[[ Available records open ]]
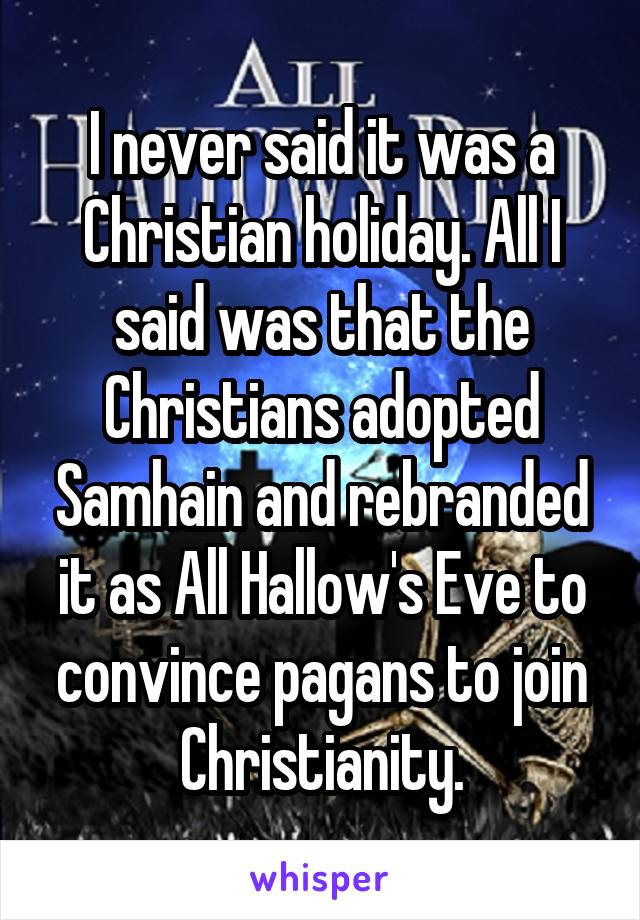 I never said it was a Christian holiday. All I said was that the Christians adopted Samhain and rebranded it as All Hallow's Eve to convince pagans to join Christianity.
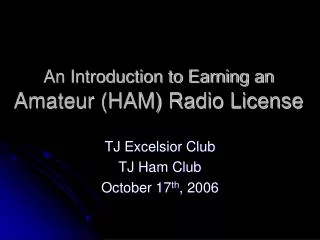 An Introduction to Earning an Amateur (HAM) Radio License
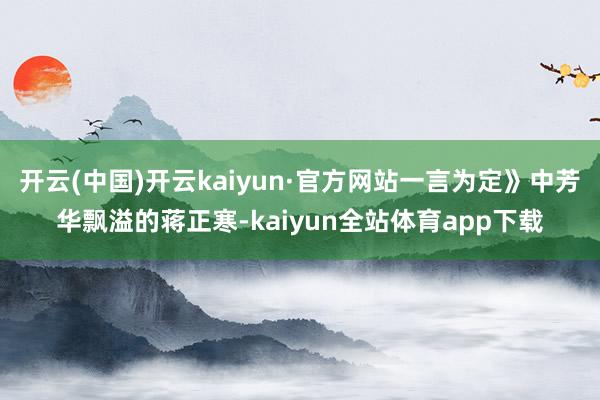 开云(中国)开云kaiyun·官方网站一言为定》中芳华飘溢的蒋正寒-kaiyun全站体育app下载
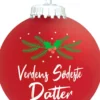 Julekugle Mat rød gran "Verdens Sødeste Datter"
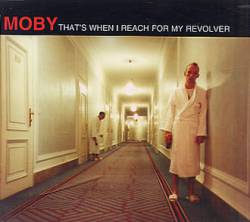 Moby : That's When I Reach for My Revolver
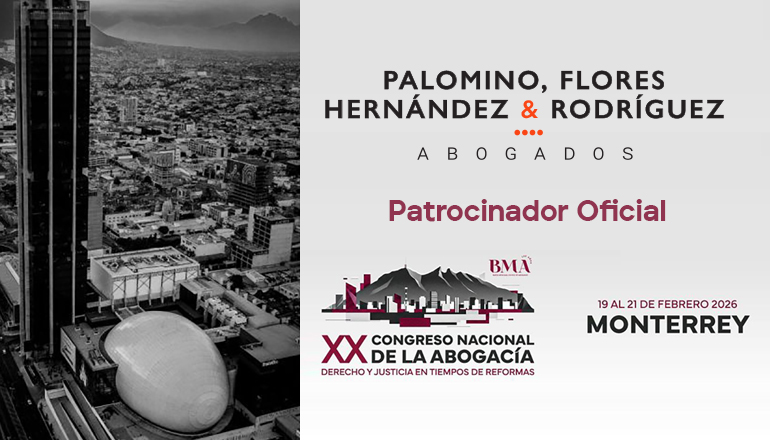 Patrocinador oficial del XX Congreso Nacional de la Abogacía Monterrey 2026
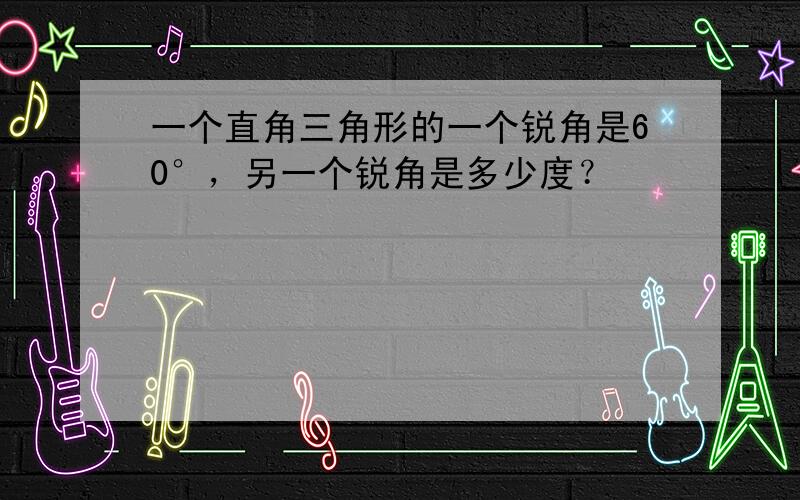 一个直角三角形的一个锐角是60°，另一个锐角是多少度？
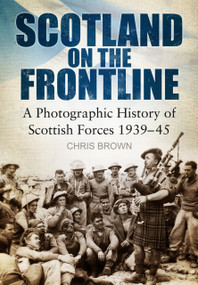 Scotland on the Frontline (A Photographic History of Scottish Forces 1939-45) by Dr. Chris Brown, 9780752464787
[[ Available records closed ]]
▶ [Requirement]: Omit all pictures and repeat the rest of the records verbatim.

▶ [Written reply]:
 I never said it was a Christian holiday. All I said was that the Christians adopted Samhain and rebranded it as All Hallow's Eve to convince pagans to join Christianity.
 An Introduction to Earning an Amateur (HAM) Radio License
 开云(中国)开云kaiyun·官方网站一言为定》中芳华飘溢的蒋正寒-kaiyun全站体育app下载
 Julekugle Mat rød gran "Verdens Sødeste Datter"
 Moby : That's When I Reach for My Revolver
 Patrocinador oficial del XX Congreso Nacional de la Abogacía Monterrey 2026
 一个直角三角形的一个锐角是60°，另一个锐角是多少度？
 Scotland on the Frontline (A Photographic History of Scottish Forces 1939-45) by Dr. Chris Brown, 9780752464787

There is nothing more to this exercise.